以上のようにして、この第5の実施形態においては、フィルム状コンデンサ300Bを、半田付けするだけで、プリント配線基板108Dに取り付けることができる。したがって、プリント配線基板やフィルム状コンデンサに、第4の実施形態のような切れ込み溝を設ける必要はない。また、第4の実施形態の場合のような圧着クリップを用いる必要もない。
また、この第5の実施形態によれば、3個のスルーホール324,325,326は、前述したように、フィルム状コンデンサ300Bの長手方向に斜めに形成されているので、フィルム状コンデンサ300Bは、その幅方向の3点でプリント配線基板108Dに固定されることになり、3個のスルーホールが長手方向に沿って一列に配設される場合に比べて、より強固に固定される。
なお、以上の第5の実施形態は、プッシュスイッチ111を備える位置指示器の場合であるので、第1の導電体層321と第3の導電体層327とで構成される第1のコンデンサと、第2の導電体層322と第3の導電体層327とで構成される第2のコンデンサとを、プッシュスイッチ111のオン及びオフのときの共振回路の共振周波数の調整用とした。
しかし、位置指示器には、プッシュスイッチを有しないものもあり、その場合には、共振回路の共振周波数の調整用コンデンサは、1個で良い。

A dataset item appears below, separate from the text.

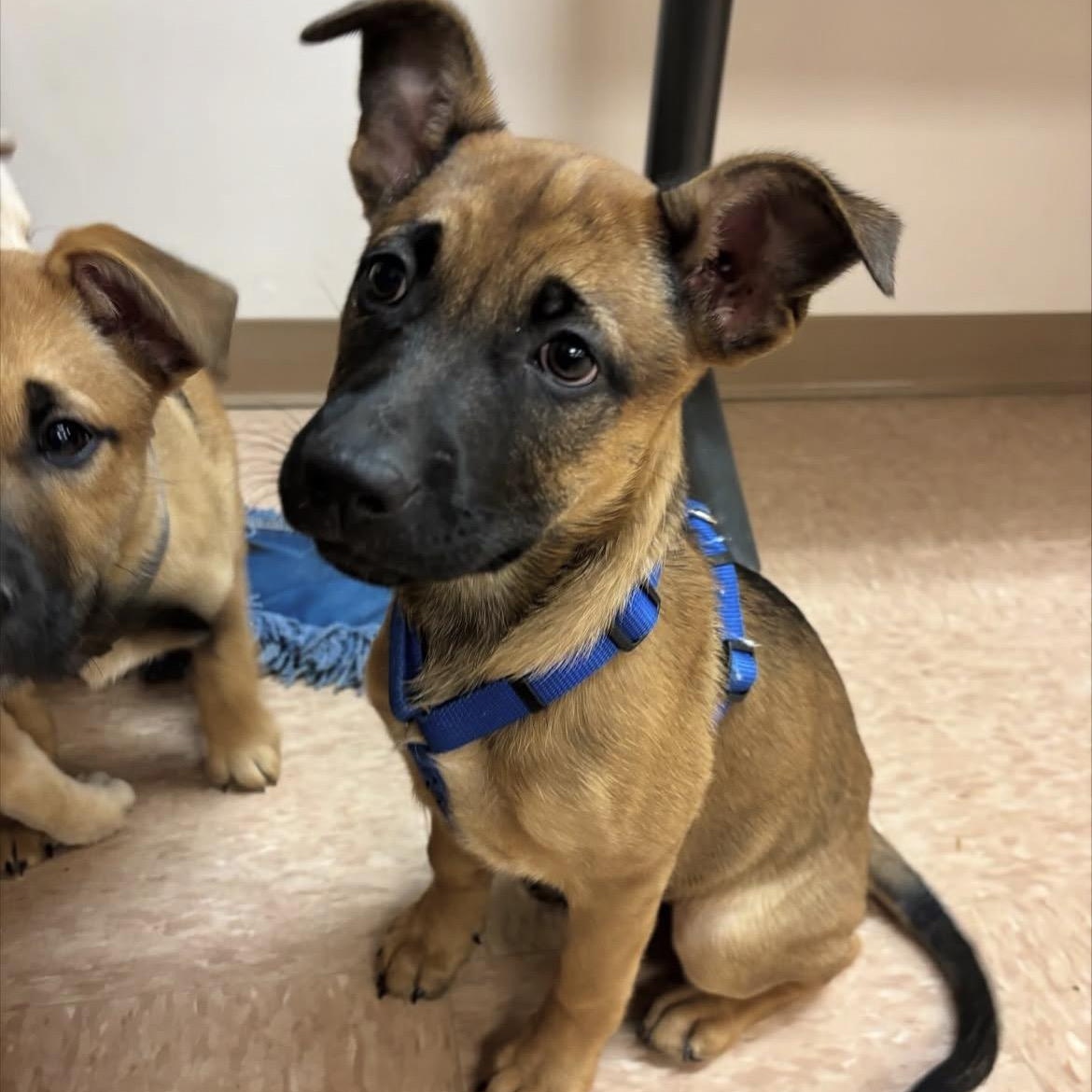 Enlarge Espresso, a Adoptable mixed breed in Powell, OH image 4/5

第5の実施形態におけるフィルム状コンデンサ300Bは、このようなプッシュスイッチを有しない位置指示器の場合にも勿論適用できる。
すなわち、プッシュスイッチを有しない位置指示器の場合には、フィルム状コンデンサ300Bの第1のコンデンサと、第2のコンデンサの一方のみを、共振周波数の調整のために長さ方向を切断することができるように構成する。そして、フィルム状コンデンサ300Bの第1のコンデンサと第2のコンデンサの他方のコンデンサは、位置指示器の共振回路の大まかな共振周波数を決定するための複数個のチップコンデンサの一部として用いるようにする。したがって、その場合には、フィルム状コンデンサ300Bの第1のコンデンサと第2のコンデンサの他方のコンデンサの長手方向の長さは、当該チップコンデンサとして適切なものとなるような長さに選定される。
なお、フィルム状コンデンサ300Bの第1のコンデンサと第2のコンデンサの他方のコンデンサのみで、位置指示コイルとの並列共振回路の共振周波数を設定する静電容量として十分であるときには、他のチップコンデンサは不要であることは言うまでもない。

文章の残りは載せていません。